Why Pyongyang Invited the New York Philharmonic
What sorts of myths and misperceptions do we entertain and perpetuate that make it difficult for us to deal with North Korea coherently?
Robert Carlin is a 2007 Pantech Fellow at Shorenstein Asia-Pacific Research Center and has been a visiting fellow at the Center for International Security and Cooperation at Stanford University since 2005. After receiving an A.M degree from Harvard University's East Asian Regional Studies program, he joined the Central Intelligence Agency in 1971. From 1974 to 1988, he was a senior North Korea media analyst in the Foreign Broadcast Information Service (FBIS), where he received the director of the CIA's Exceptional Analyst Award. From 1989 to 2002, he was the chief of the Northeast Asia Division in the State Department's Bureau of Intelligence and Research. Concurrently, from 1993 to 2002, Mr. Carlin served as senior policy advisor to the U.S. special envoy for talks with North Korea, taking part in every significant set of U.S.-DPRK negotiations of which there were many--during those years. He was on the delegation accompanying Secretary of State Madeline Albright to Pyongyang in October 2000. From 2003 to 2005, Mr. Carlin was senior political advisor to the executive director of the Korean Peninsula Energy Development Organization (KEDO), leading numerous KEDO negotiating teams to the DPRK. Altogether, he has made 25 trips to North Korea.

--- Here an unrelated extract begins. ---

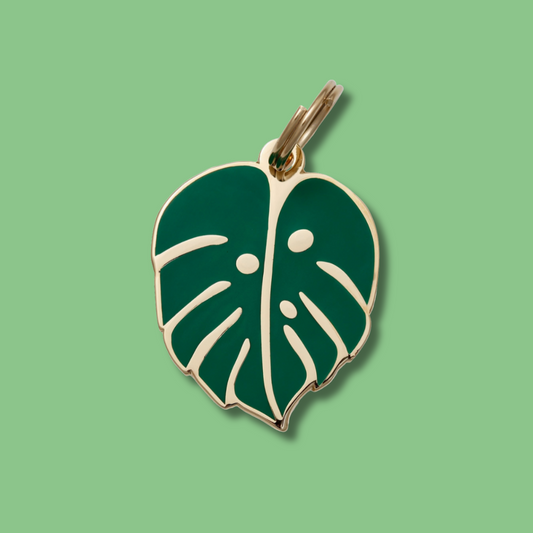Monstera Leaf Pet ID Tag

Much of Mr. Carlin's analysis on North Korea from his years at FBIS has been declassified and is available either in the "Trends in Communist Propaganda" or "Trends in Communist Media". Over the years, he has written chapters for several books on the Korean issue including, most recently, "Talk to Me, Later," appearing in North Korea: 2005 and Beyond. In 2006, he co-authored an IISS Adelphi paper "North Korean Reform: Politics, Economics and Security." His essay on negotiating with North Korea will appear in Korea 2007 - Politics, Economy, Society. Over his career, Mr. Carlin has lectured at the Harry S. Truman Presidential Library, the State Department's Foreign Service Institute, foreign ministries and intelligence organizations abroad, and numerous universities.